## EXERCISE
From the material below, reproduce exactly the stretch of lines that begins with the line holding "Second is time" and ends with the line holding "Here's another plain", skipping the pictures.

## DATA FOR REVIEW
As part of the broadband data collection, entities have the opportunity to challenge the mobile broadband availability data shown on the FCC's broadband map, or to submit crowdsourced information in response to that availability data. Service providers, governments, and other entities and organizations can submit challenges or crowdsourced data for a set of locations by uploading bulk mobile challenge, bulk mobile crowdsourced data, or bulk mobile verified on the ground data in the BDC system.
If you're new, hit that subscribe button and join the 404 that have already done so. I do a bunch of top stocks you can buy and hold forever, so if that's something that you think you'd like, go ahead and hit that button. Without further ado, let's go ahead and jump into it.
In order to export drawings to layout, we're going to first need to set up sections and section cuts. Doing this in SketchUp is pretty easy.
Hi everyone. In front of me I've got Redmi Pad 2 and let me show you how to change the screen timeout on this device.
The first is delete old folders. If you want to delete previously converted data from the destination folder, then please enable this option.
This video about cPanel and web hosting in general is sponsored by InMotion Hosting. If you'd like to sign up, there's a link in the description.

==

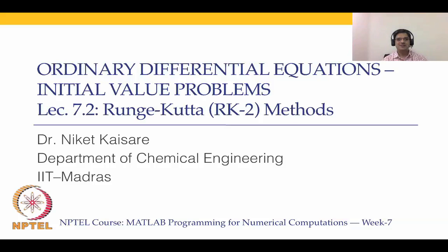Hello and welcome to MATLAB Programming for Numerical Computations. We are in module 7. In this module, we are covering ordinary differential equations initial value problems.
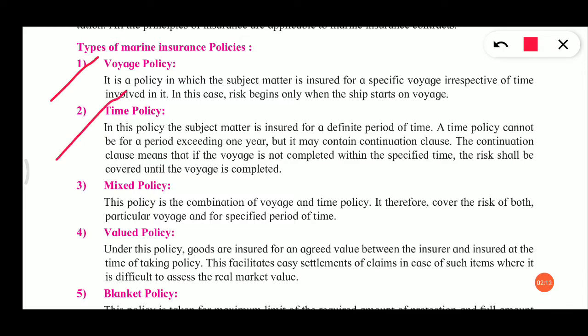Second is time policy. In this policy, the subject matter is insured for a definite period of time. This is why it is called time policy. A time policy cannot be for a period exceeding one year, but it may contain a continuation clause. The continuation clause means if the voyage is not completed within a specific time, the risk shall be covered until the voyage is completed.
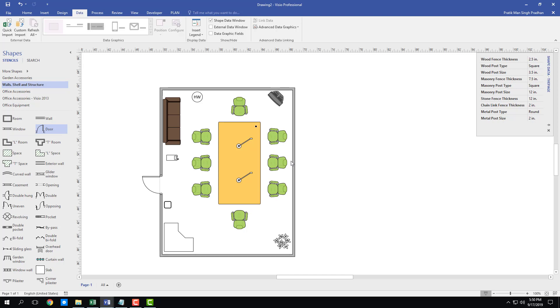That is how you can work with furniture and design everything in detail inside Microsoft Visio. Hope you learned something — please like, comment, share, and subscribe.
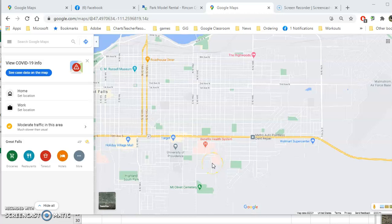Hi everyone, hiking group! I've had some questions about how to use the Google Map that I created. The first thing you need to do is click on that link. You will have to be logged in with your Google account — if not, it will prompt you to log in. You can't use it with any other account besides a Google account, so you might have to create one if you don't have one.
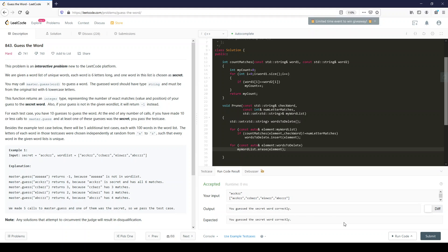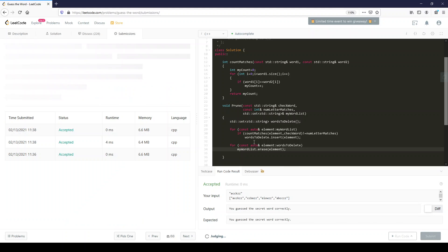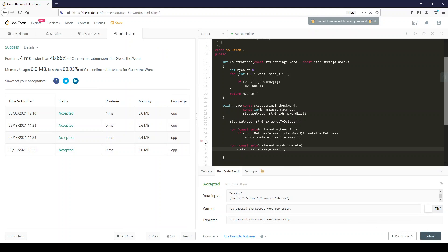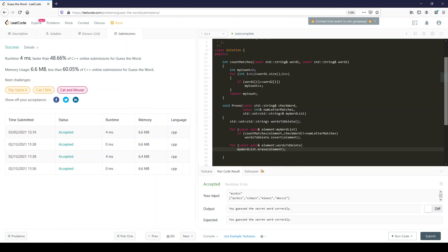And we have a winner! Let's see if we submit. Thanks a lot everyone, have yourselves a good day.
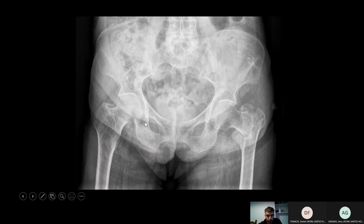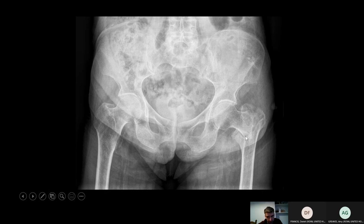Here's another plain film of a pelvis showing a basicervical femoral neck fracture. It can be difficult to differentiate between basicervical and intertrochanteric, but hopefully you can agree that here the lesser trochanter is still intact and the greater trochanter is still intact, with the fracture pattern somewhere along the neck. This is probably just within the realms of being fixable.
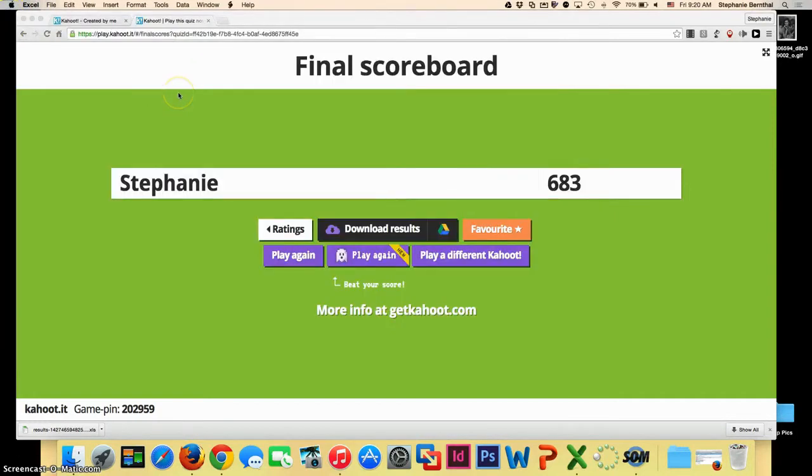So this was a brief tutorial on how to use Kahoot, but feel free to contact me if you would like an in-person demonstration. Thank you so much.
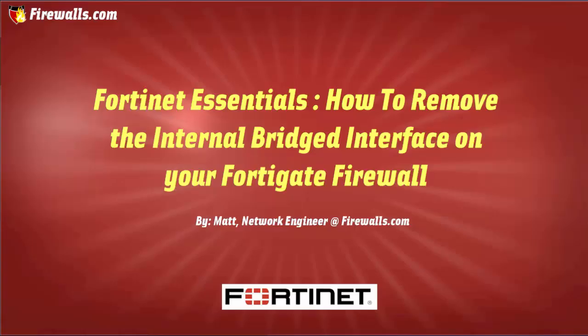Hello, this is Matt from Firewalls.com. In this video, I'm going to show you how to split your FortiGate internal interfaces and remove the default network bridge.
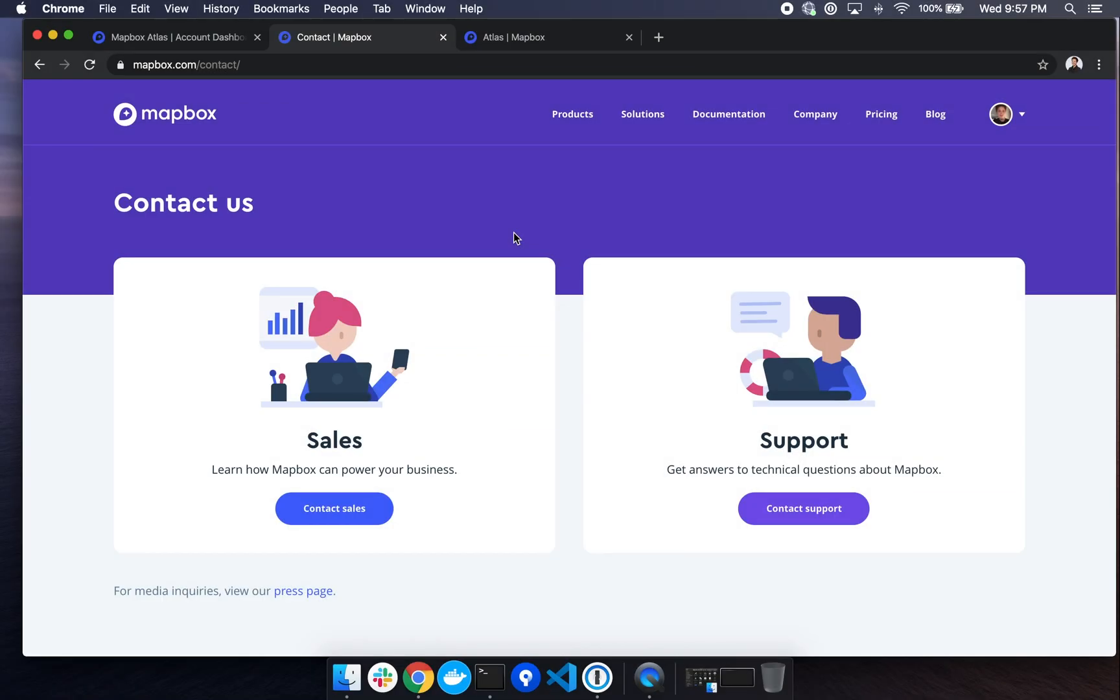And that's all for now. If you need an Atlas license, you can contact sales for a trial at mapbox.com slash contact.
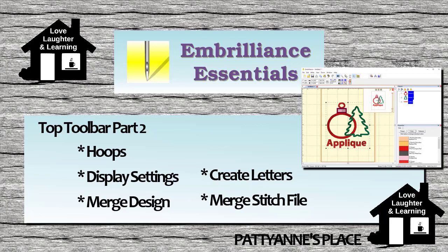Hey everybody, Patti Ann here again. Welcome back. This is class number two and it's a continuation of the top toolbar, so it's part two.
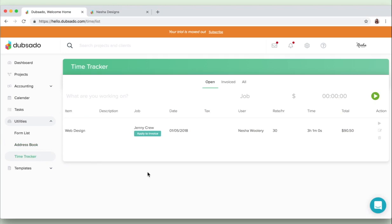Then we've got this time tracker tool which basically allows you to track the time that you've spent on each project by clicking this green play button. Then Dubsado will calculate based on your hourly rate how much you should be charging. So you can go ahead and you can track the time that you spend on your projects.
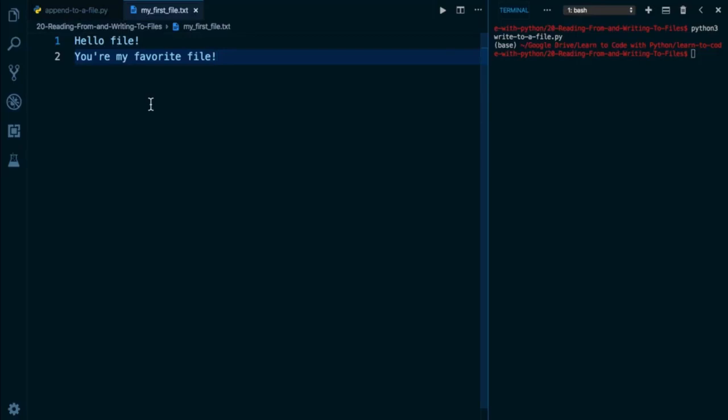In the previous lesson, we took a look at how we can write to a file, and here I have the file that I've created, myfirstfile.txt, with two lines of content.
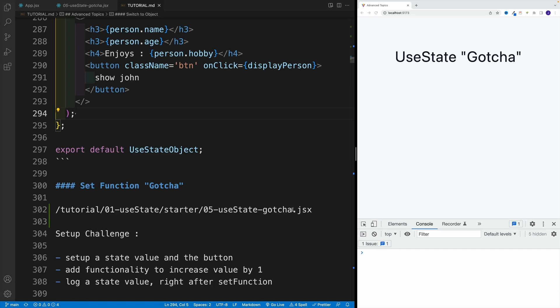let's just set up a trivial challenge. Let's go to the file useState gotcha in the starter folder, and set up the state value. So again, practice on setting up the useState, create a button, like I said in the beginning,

==

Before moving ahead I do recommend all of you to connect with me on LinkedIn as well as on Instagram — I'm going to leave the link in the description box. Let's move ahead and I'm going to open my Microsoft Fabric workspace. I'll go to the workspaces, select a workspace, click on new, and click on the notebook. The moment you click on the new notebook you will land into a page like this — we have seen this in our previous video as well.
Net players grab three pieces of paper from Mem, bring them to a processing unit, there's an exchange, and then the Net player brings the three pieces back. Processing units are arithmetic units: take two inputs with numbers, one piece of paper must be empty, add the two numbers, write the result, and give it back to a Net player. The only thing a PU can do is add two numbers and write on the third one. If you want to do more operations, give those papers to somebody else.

## FINAL ANSWER
Second is time policy. In this policy, the subject matter is insured for a definite period of time. This is why it is called time policy. A time policy cannot be for a period exceeding one year, but it may contain a continuation clause. The continuation clause means if the voyage is not completed within a specific time, the risk shall be covered until the voyage is completed.
That is how you can work with furniture and design everything in detail inside Microsoft Visio. Hope you learned something — please like, comment, share, and subscribe.
Hi everyone, hiking group! I've had some questions about how to use the Google Map that I created. The first thing you need to do is click on that link. You will have to be logged in with your Google account — if not, it will prompt you to log in. You can't use it with any other account besides a Google account, so you might have to create one if you don't have one.
And we have a winner! Let's see if we submit. Thanks a lot everyone, have yourselves a good day.
Here's another plain film of a pelvis showing a basicervical femoral neck fracture. It can be difficult to differentiate between basicervical and intertrochanteric, but hopefully you can agree that here the lesser trochanter is still intact and the greater trochanter is still intact, with the fracture pattern somewhere along the neck. This is probably just within the realms of being fixable.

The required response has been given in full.